Gay-friendly mosque in Paris criticised as 'un-Islamic'

Posted Dec 3, 2012 by Katerina Nikolas
The opening of Europe's first gay-friendly mosque in Paris last week was certain to be controversial and has already attracted criticism. The mosque has been declared an "aberration" by Muslim leaders in France.
The Paris Mosque  Paris France
The minaret of the Paris Mosque, Paris France
Muslim leaders in France have been quick to criticise the opening of Europe's first gay mosque, intended to welcome homosexuals and break down the barriers which separate men and women in prayer.
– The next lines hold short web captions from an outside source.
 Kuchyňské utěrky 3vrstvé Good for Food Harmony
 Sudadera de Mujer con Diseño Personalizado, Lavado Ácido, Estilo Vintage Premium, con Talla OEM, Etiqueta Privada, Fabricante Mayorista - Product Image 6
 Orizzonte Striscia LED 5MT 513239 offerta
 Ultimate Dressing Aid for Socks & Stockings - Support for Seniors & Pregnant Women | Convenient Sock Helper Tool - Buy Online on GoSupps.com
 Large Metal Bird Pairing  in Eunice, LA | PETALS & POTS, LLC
Digital Journal reported the mosque's founder, Mohammed Ludovic Zahed, said: "In normal mosques, women have to sit in the back seats and wear a headscarf and gay men are afraid of both verbal and physical aggression. After performing the Hajj, I realized that a mosque for gays was a must for gay Muslims who want to perform their prayers."
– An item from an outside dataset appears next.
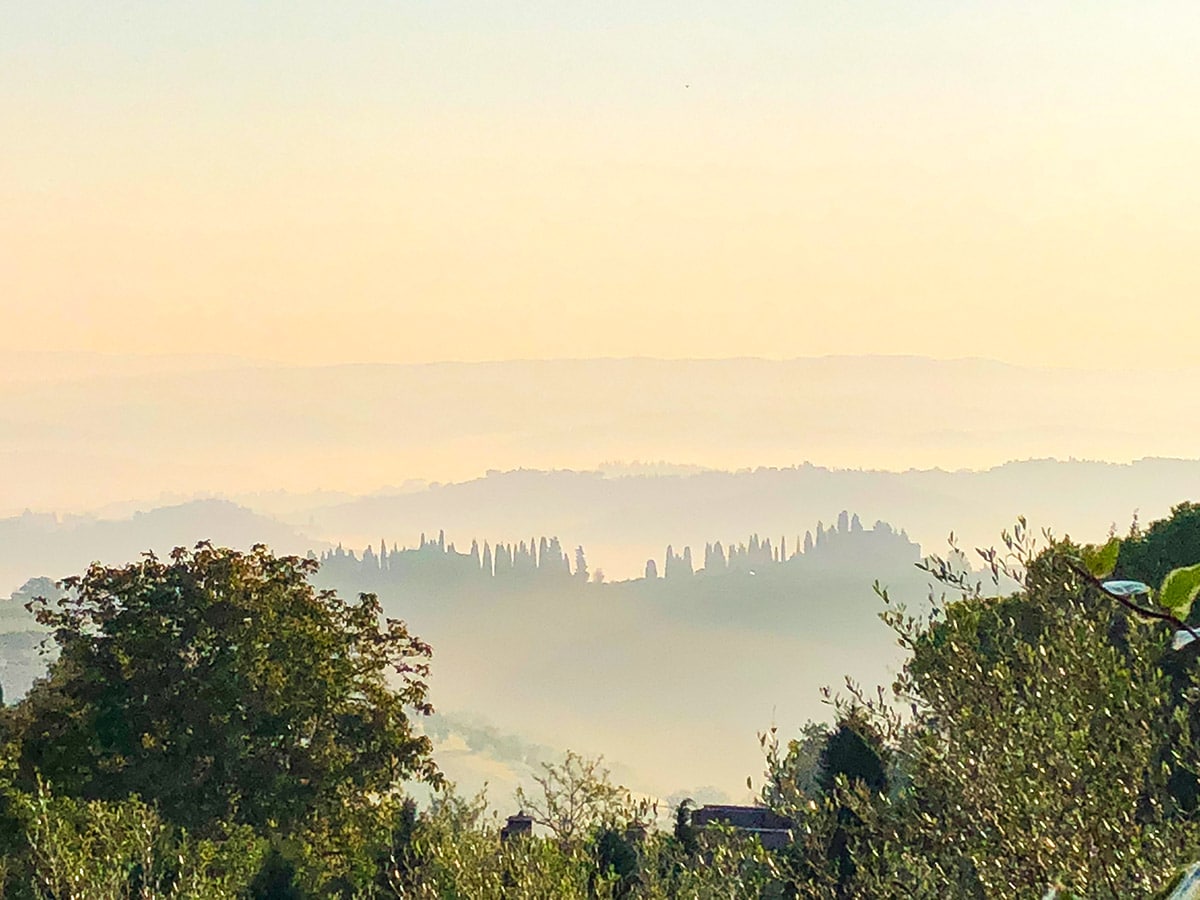 Beautiful autumn views walking the Volterra Loop in Tuscany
France 24 reported the mosque's Paris location has not been disclosed as Zahed is worried about the reaction of Islamic fanatics. He was prepared though for the criticism the mosque drew from Muslim leaders.
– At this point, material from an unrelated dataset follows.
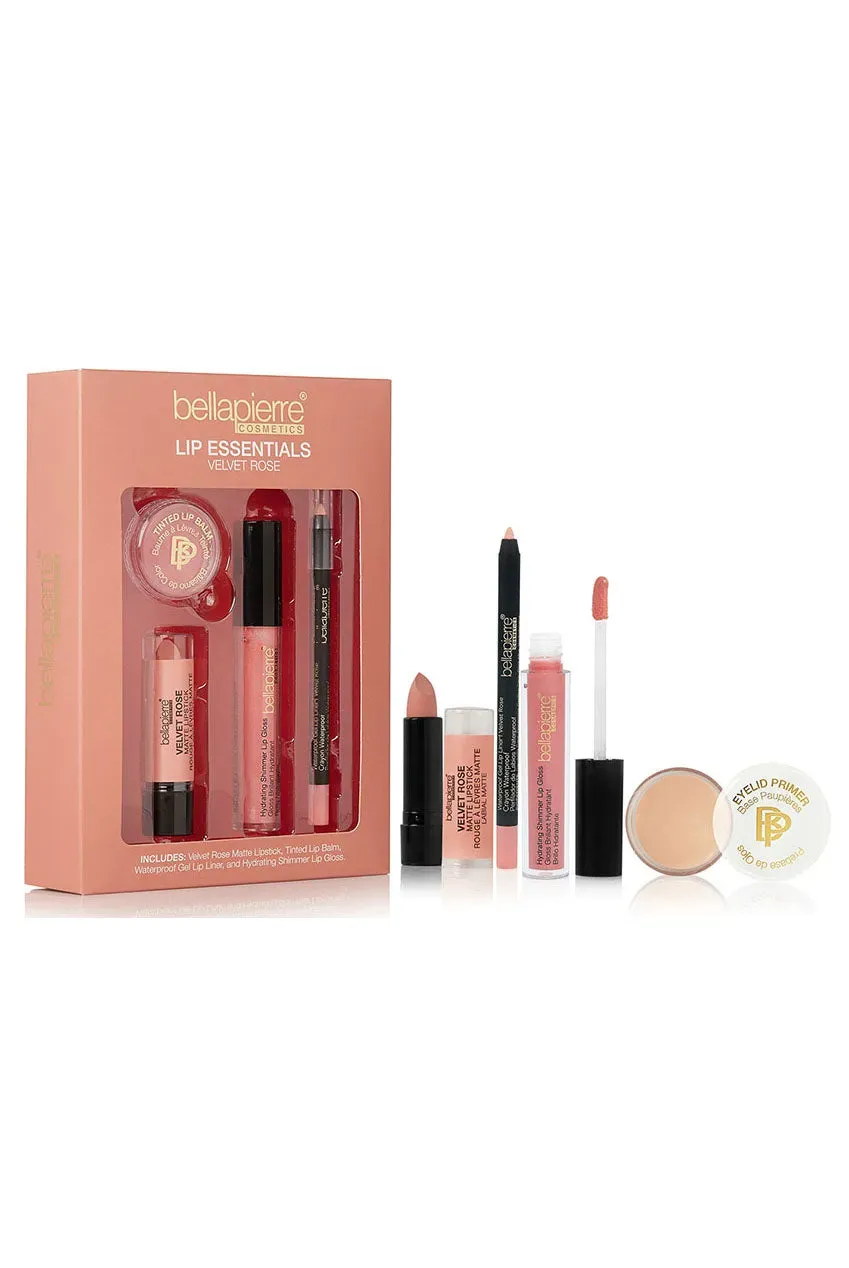 Bellapierre Lip Essentials Kit Labbra Velvet Rose Rosa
The rector of the Grande Mosque in Paris, Dalil Boubakeur, declared the gay-friendly mosque went against the tenets of Islam. He said: "The mosques that are already there accept everyone so creating one specifically for homosexuals is against the spirit of Islam. Worshippers go to a mosque to worship god, they don’t go to demonstrate their sexuality. This is an abuse of the definition of a mosque.”Boubakeur went on to add: "Homosexuality is condemned in 13 verses of the Qur'an. The only sexual relationship that is legitimate is between married men and women." He claims the mosque will remain outside the Muslim community.
Abdallah Zekri, the chairman of France's Islamophobia Observatory, joined in the criticism, saying: “We know that homosexual Muslims exist but opening a mosque (for them) is an aberration.”